人は常に誰かと働いています。人は不思議なもので、同じ仕事であっても、ともに働く人によって幸せな気持ちにもなるし、暗い気持ちにもなります。だから、少しだけ顔を上げて、隣にいる誰かを見つめ、どんな人であるかを知りたい。誰かを知るということが、「働く」という価値観の幅を、少しだけ拡げてくれます。そして、その拡がりが、誰もが自分らしく、活き活きと働ける社会を創っていくのだと信じています。

こんな想いから動き出すイベント「ヒトデTALK」がスタートします。記念すべき第一回目は『「LGBT」と「働く」を考える』と題して、今回は性の多様性を尊重する社会作りを目指しているPROUD代表の藤田 博美さん、公共交通の経営者として地域の多様性について考えていることでん代表の真鍋 康正さんをお招きし、LGBT当事者の「働く」に対する心境や、それを取り巻く社会環境について、お話しいただきます。それに先立って、藤田さんに日頃の活動や今回のヒトデTALKに対する想いを伺いました。

藤田 博美 / Fujita Hiromi
PROUD代表
調剤薬局で事務員として11年勤めて転職を決意。1年間、デザインの職業訓練を受けた後、老舗の染物屋に再就職して15年働いている。今後の働き方を考え中。性的少数者のQOL向上はライフワークとして継続していきたい(proud-kagawa.org

-まずはPROUDの活動について、どんなことをしているのか教えてください。

定期的にLGBT当事者の交流会を開催してます。
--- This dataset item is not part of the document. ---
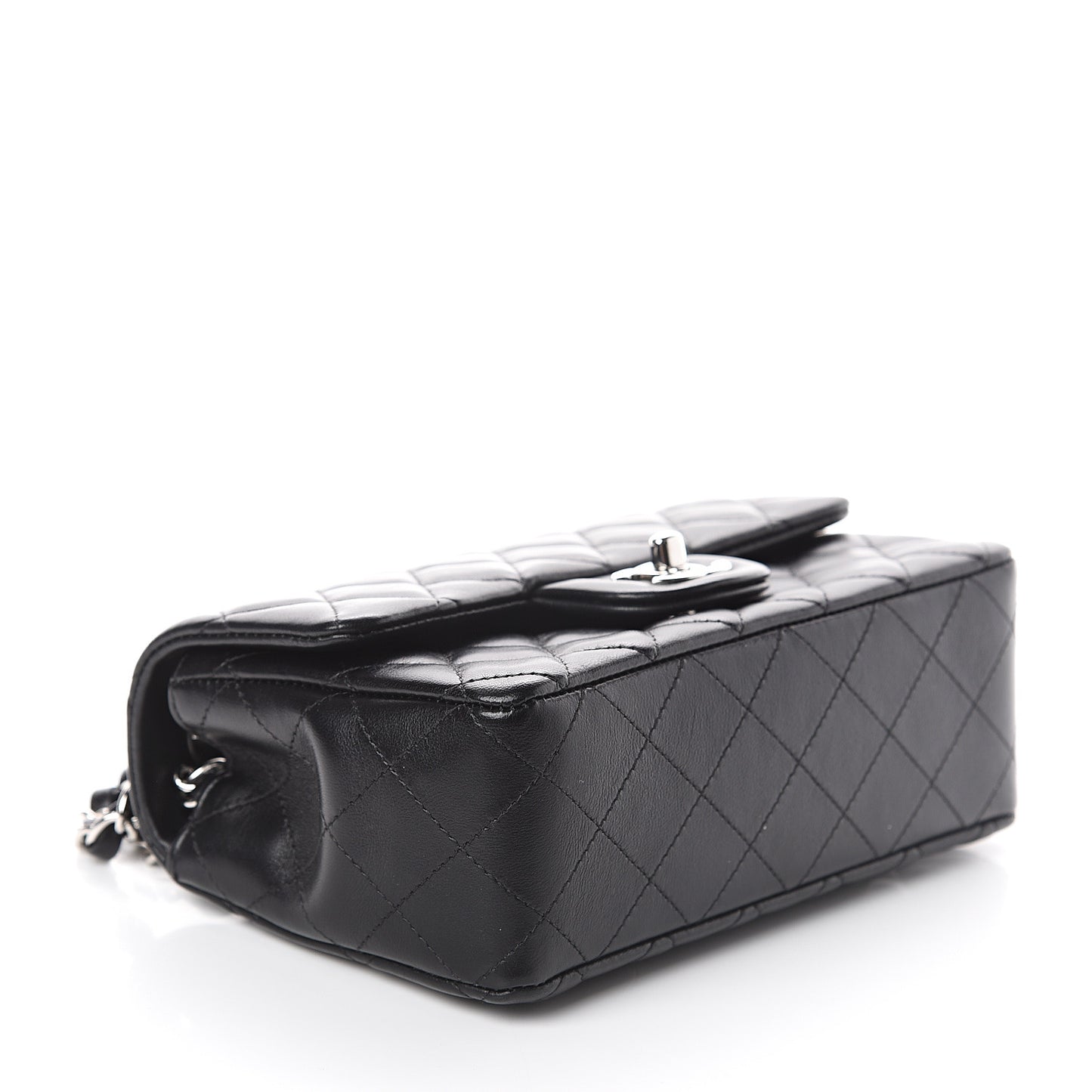Lambskin Quilted Mini Rectangular Flap Black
LGBTに関する情報とか、仲間が見つかる居場所作りですね。これが今の活動のベースになっています。それに加えて、市民に向けての啓発活動として、講演会をしてます。他県から講師を呼ぶ場合もありますし、最近では自分たちで講師に立つ場合もあります。講演会や研修会という真面目なものから、映画祭のようなエンタメ的なイベントでLGBTについて知ってもらうこともやってますね。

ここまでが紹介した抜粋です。